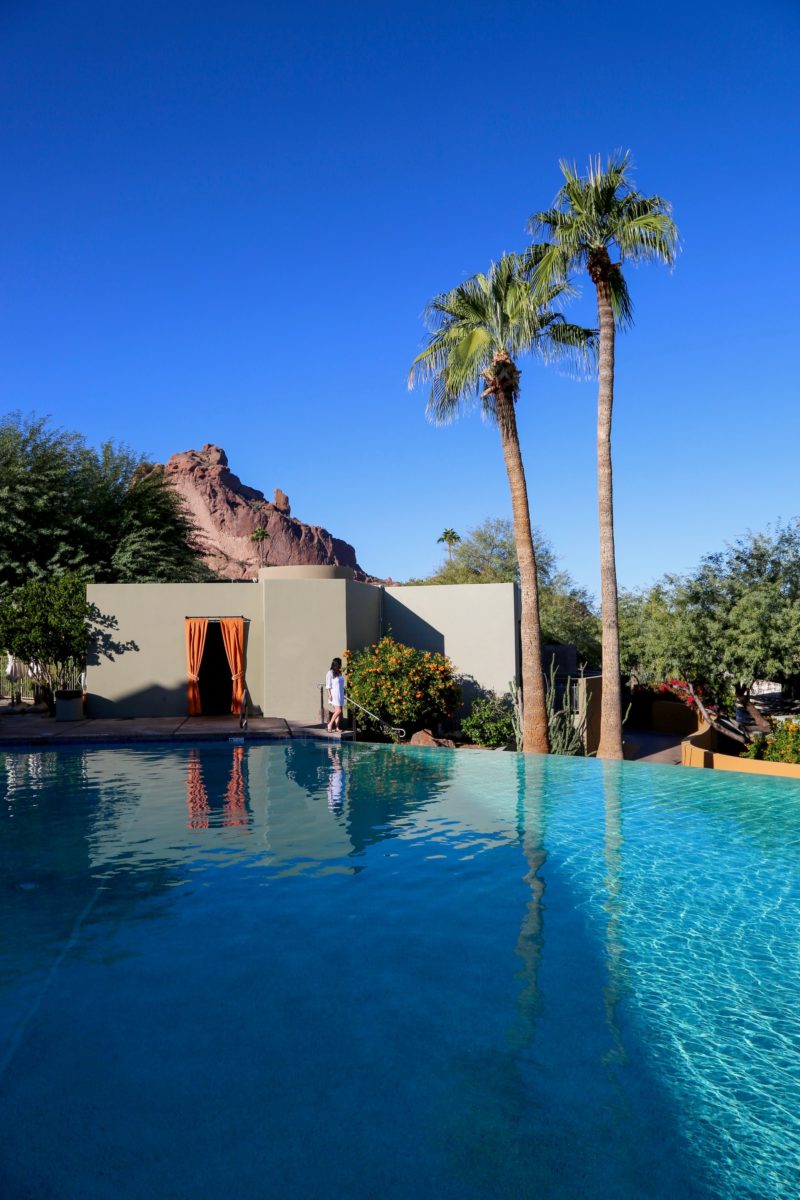 What do you think of this pool vista from Sanctuary Camelback Resort?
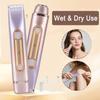 YLKGR 2 in 1 Bikini Trimmer for Women Dual Head Electric Razor IPX7 Waterproof Wet/Dry Use Women Electric Shaver, Body Facial Hair Remover for Bikini Legs Arm Underarm, Rechargeable view 3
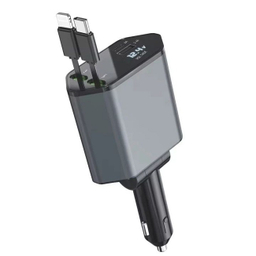 شارژر فندکی 65 وات فست شارژ مدل Retractable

### Activity
When you repeat the material above, keep every word exact and leave out the pictures.

### Output for this task
 What do you think of this pool vista from Sanctuary Camelback Resort?
 YLKGR 2 in 1 Bikini Trimmer for Women Dual Head Electric Razor IPX7 Waterproof Wet/Dry Use Women Electric Shaver, Body Facial Hair Remover for Bikini Legs Arm Underarm, Rechargeable view 3
 شارژر فندکی 65 وات فست شارژ مدل Retractable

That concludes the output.